De manière générale, la programmation 2011-2020, tout comme les dispositifs d’aides, sont dépourvus de toute démarche évaluative, que la Chambre Territoriale des comptes avait pourtant appelé de ses vœux en 2008.

L’état des lieux du secteur, dressé à l’occasion du recensement général agricole en 2013, ainsi que les statistiques agricoles annuelles, montrent que la production, principalement tournée vers l’autosubsistance, s’avère en repli, alors que le niveau des importations est passé de 38 MM F CFP à 44,7 MM F CFP entre 2010 et 2015. La hausse des exportations entre 2014 et 2015 est portée par l’augmentation de la production de coprah mais masque le repli des productions qui ont traditionnellement soutenu les exportations agricoles, telles que la vanille ou le noni.

En effet, le secteur connaît toujours les handicaps structurels identifiés depuis les années 1990 : le manque de foncier disponible, la faible qualification des agriculteurs et le manque de modernisation des pratiques culturales.

Si le Pays s’est fixé l’objectif de corriger les difficultés d’accès au foncier par la location de lots agricoles sur son domaine public, cette démarche est toutefois lourdement entravée par la pluralité des services gestionnaires, qui relèvent de ministères différents, le manque de suivi juridique et financier et l’insuffisante évaluation des résultats obtenus par les bénéficiaires. En l’absence de coordination, le Pays n’a aucune connaissance de l’ensemble de ses ressources foncières agricoles ou de leur disponibilité, alors que le programme foncier est présenté comme l’un des axes prioritaires de sa programmation pour 2011-2020.

L’examen des dépenses de soutien au secteur et de l’organisation des filières de production montre que les objectifs d’ordre social et économique prévalent sur les objectifs alimentaires tournés vers les consommateurs.

S’agissant des dépenses de soutien à l’agriculture, la Polynésie accorde annuellement environ 2,3 MM F CFP aux actions de ce type ; 71% de cette somme est consacré au soutien des prix du coprah, dont l’objectif est exclusivement social puisqu’il s’agit de garantir des moyens de subsistance aux populations à faible revenu et les maintenir dans leurs archipels. Toutefois, aucune évaluation des retombées économiques de cette politique de soutien n’a été effectuée et le revenu réel perçu par les coprahculteurs n’a jamais été établi.

S’agissant de l’organisation des filières de production et de la régulation du marché, l’objectif de satisfaction des besoins des consommateurs apparaît secondaire. En effet, afin de garantir des débouchés à la production locale, les importations de certains produits sont interdites ou soumises à l’ouverture de quotas d’importation en cas de pénurie. Nonobstant le caractère contestable de cette démarche au regard du droit de la concurrence applicable en Polynésie, la protection de la production locale génère une inflation constante des prix, exclusivement supportée par les consommateurs, qui financent, in fine, une politique protectionniste qui les prive d’un approvisionnement régulier en produits variés et de qualité.
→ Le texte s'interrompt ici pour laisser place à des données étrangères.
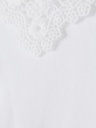 NAME-IT_AutumnWinter2021_3739631_13196358_2.jpg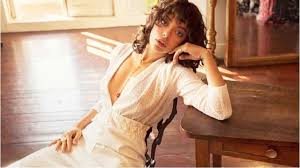 Selin sekerci is a turkish actress. Selin Sekerci 8 Yasinda Gecirdigim Bir Kaza Beni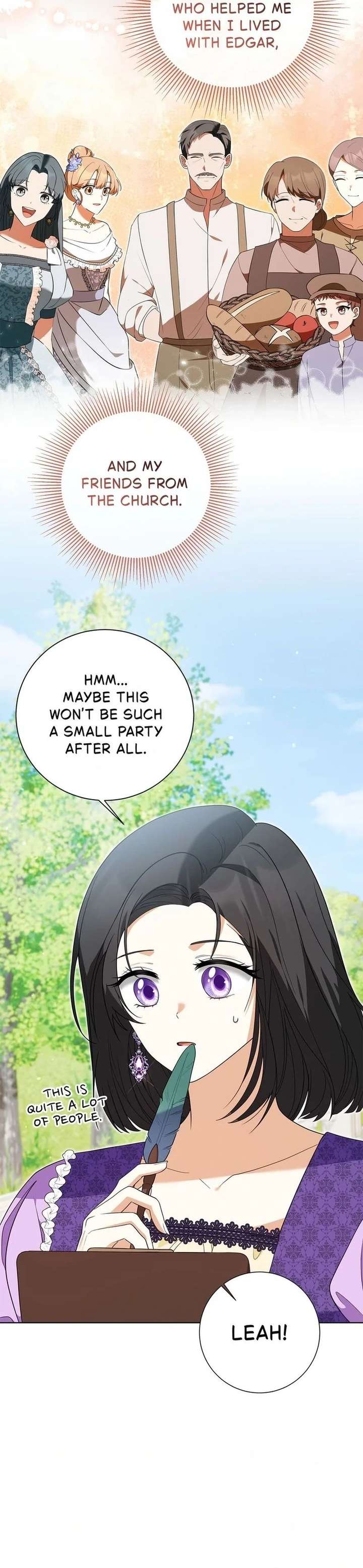 ch 42 15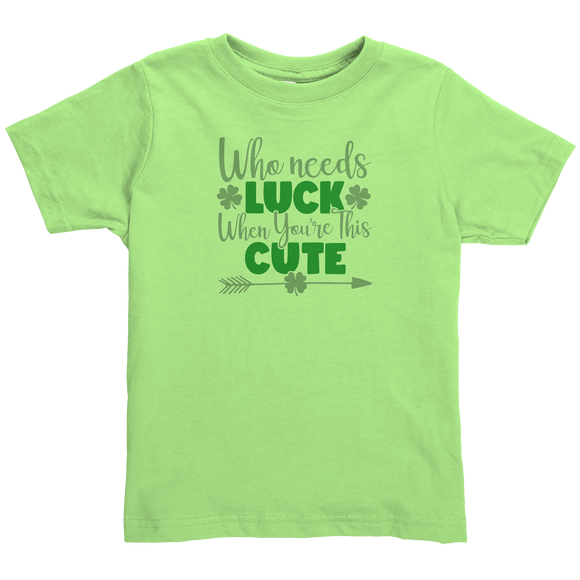 Who_Needs_Luck_When_Youre_this_Cute_St_Keylime_Mockup.png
Si la Polynésie s’est engagée dans la formalisation de ses objectifs en matière de développement agricole, il lui faut désormais les outils indispensables à leur réalisation, dont le Pays apparaît aujourd’hui dépourvu : la composition réelle des prix de vente « producteurs » n’a jamais été déterminée, les déficits de compétitivité qui touchent les agriculteurs polynésiens n’ont jamais été identifiés, les revenus réels des agriculteurs ainsi que des coprahculteurs sont inconnus, les effets des aides financières ou foncières accordées n’ont jamais été évalués, …

La réforme récente du service du développement rural devrait permettre à ce dernier d’assurer ses missions d’ordre stratégique et de doter le Pays de ces outils, à condition qu’elle s’accompagne concomitamment de la réforme de la Chambre d’agriculture et de la pêche lagonaire, afin que cette dernière assume pleinement son rôle de représentation, de conseil et d’accompagnement des agriculteurs.